Resgatemos o projeto inicial: a resolução 181, aprovada em 29 novembro de 1947 pela Assembleia-Geral da ONU, estabelecia a partilha do que conhecemos como Palestina, uma área sob mandato britânico que deveria ser dividida entre os dois povos.
O que de fato ocorreu: os judeus, organizados, motorizados pelo sionismo e já presentes na região formaram imediatamente seu Estado. É verdade que muitos palestinos foram expulsos de casa e esse é um dos principais entraves a qualquer negociação. Houve protestos, os países árabes tentaram muitas vezes jogar Israel no Mar Mediterrâneo em sucessivas guerras, mas o fato é que nunca, por problemas internos e externos, os palestinos conseguiram organizar a criação de seu próprio Estado. Entraves internos, por culpa da corrupção da Autoridade Nacional Palestina (ANP) e de grupos terroristas e, externos, por uma estratégia arrasa-quarteirão israelense, minaram a criação de um país chamado palestina com o que sobrou do plano original da ONU.
A Faixa de Gaza representa a metade do território de Porto Alegre. E a Cisjordânia é uma colcha de retalhos, apinhada de colônias judaicas. Ora, dois dos princípios básicos de um Estado-nação é soberania e território. Na Cisjordânia, que deveria ser o coração do Estado palestino, não há nem um nem outro: os palestinos não mandam em sua área e tampouco há continuidade territorial.
O governo de Israel, com sua prática sistêmica de ampliar as colônias judaicas, vai anexando, dia após dia, territórios na Cisjordânia. Não há e não haverá Estado palestino. O que veremos em poucos anos, ainda que a comunidade internacional esperneie, será um Estado de Israel mais amplo do que em 1948, ganho a fórceps ao anexar o restante da Cisjordânia e, logo, a Faixa de Gaza.

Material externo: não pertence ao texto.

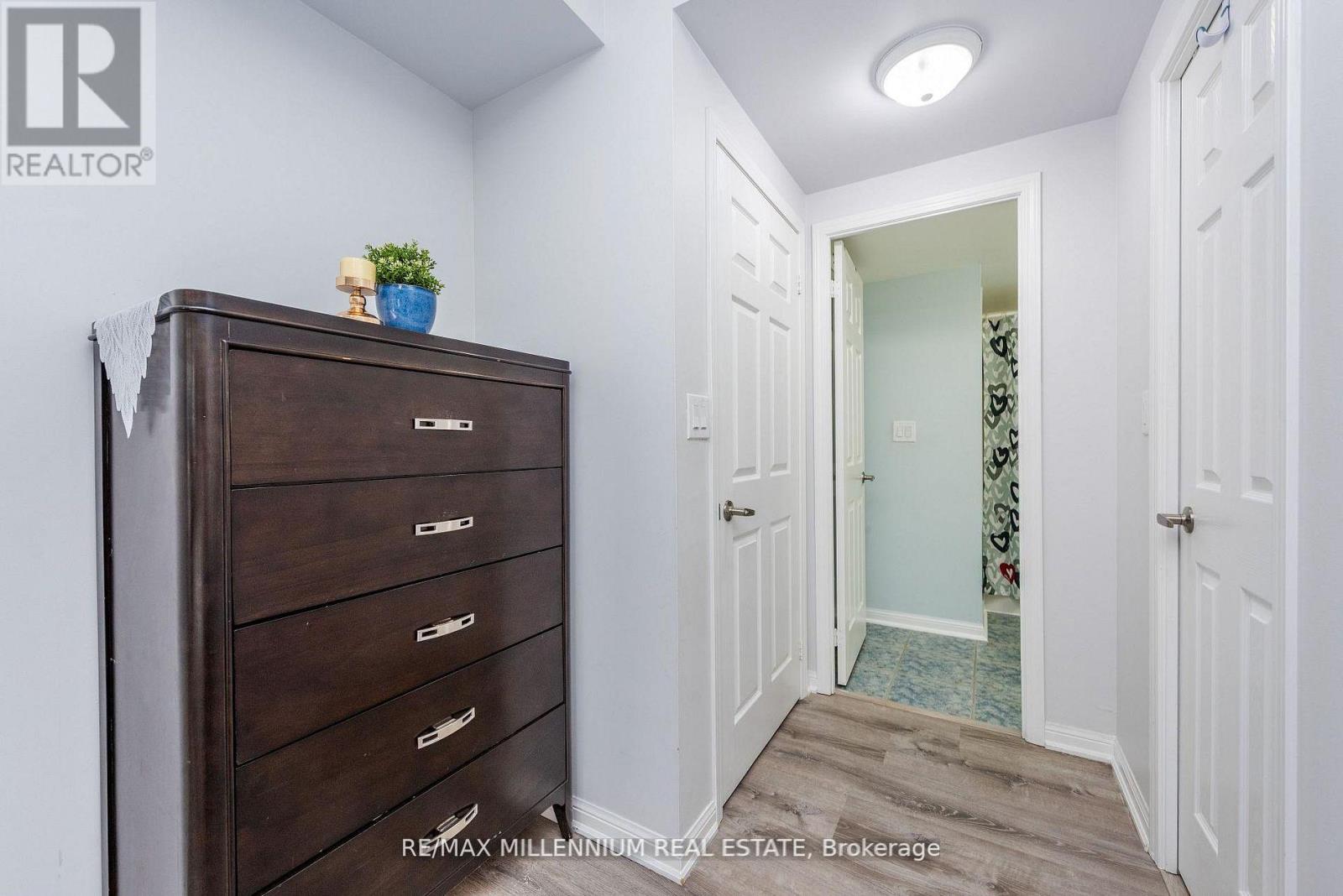 #1034 3045 FINCH AVENUE W - 11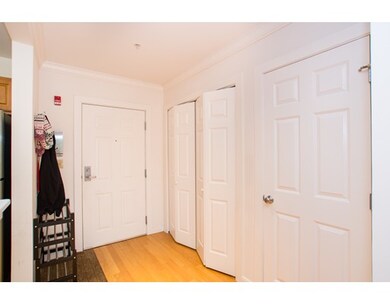 120 Mountfort St unit 404, Boston, MA 02215 - photo 6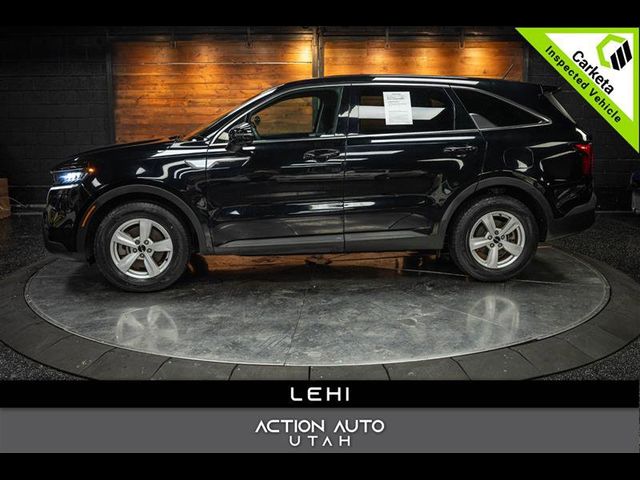 2022 Kia Sorento LX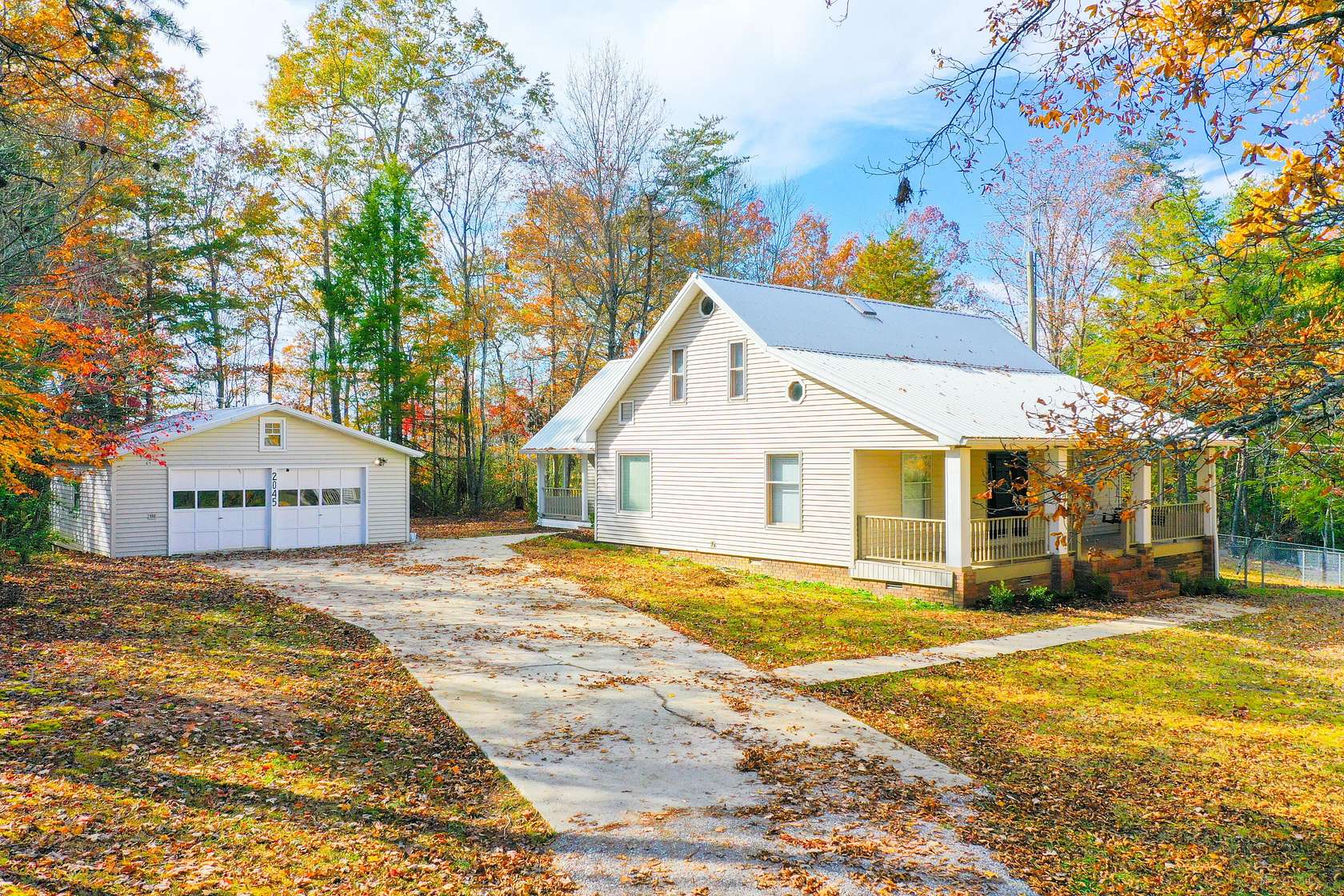 6.18 Acres of Residential Land with Home for Sale in London, Kentucky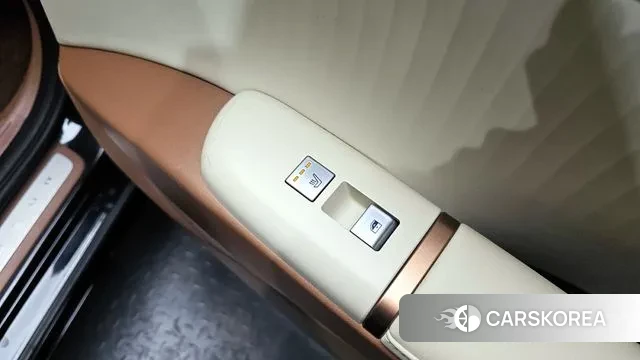 Hyundai Grandeur Hybrid (GN7) id 3580981 из Кореи 10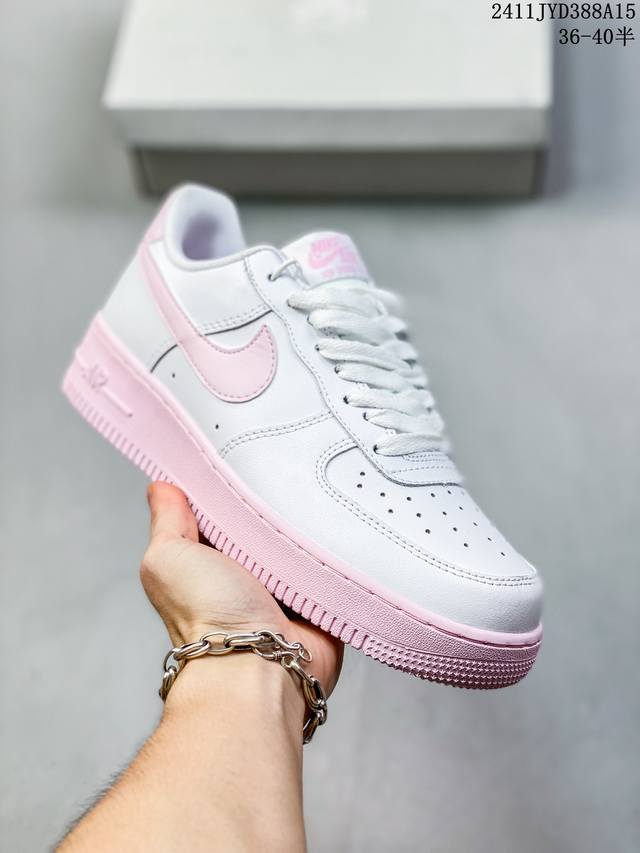 公司级带半码耐克nike Air Force 7 空军一号低帮百搭休闲运动板鞋。柔软、弹性十足的缓震性能和出色的中底设计，横跨复古与现代的外型结合，造就出风靡全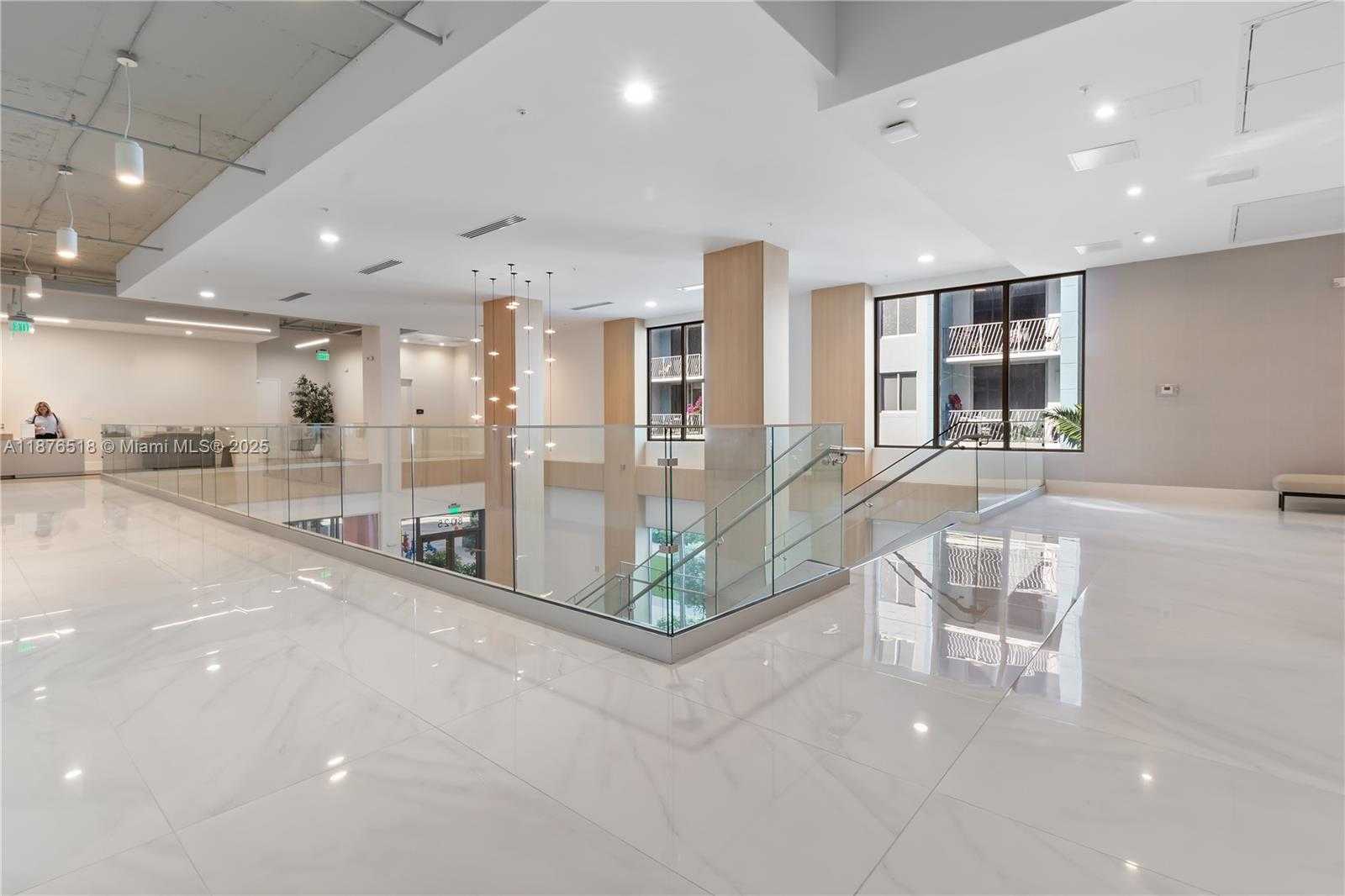 Imagen de Pequeño Objeto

O presidente dos EUA, Donald Trump, ao anunciar a transferência da embaixada de Tel Aviv para Jerusalém, já havia colocado a pá de cal em qualquer ideia de ressuscitar o processo de paz. A um primeiro olhar, pode significar apenas uma mudança simples de cidade. Não é. O que vemos hoje é apenas o epílogo da consolidação da ideia de implodir a geopolítica na região.
Ao levar para Jerusalém a sede da diplomacia americana, Trump está reconhecendo a cidade como capital de Israel (o Brasil e a maioria dos países mantêm sua embaixada em Tel Aviv). Abre-se a caixa de Pandora porque os palestinos sempre reivindicaram a área oriental (onde a maioria é árabe) como sua capital.
Território, volta dos refugiados palestinos a suas terras e Jerusalém. Dos três entraves a uma paz duradoura na região, o status da cidade sagrada para as três religiões monoteístas sempre foi o mais difícil de haver concórdia. Pelo simbolismo em uma região que vive de símbolos e manipulados politicamente.
É uma pena que o aniversário de 70 anos do Estado Israel, um país forjado a ferro e fogo, com um povo pacífico, perseguido ao longo da História e que transformou o deserto em uma das áreas mais prósperas do planeta, seja comemorado em meio à marca de mais de 40 mortos e 500 palestinos feridos.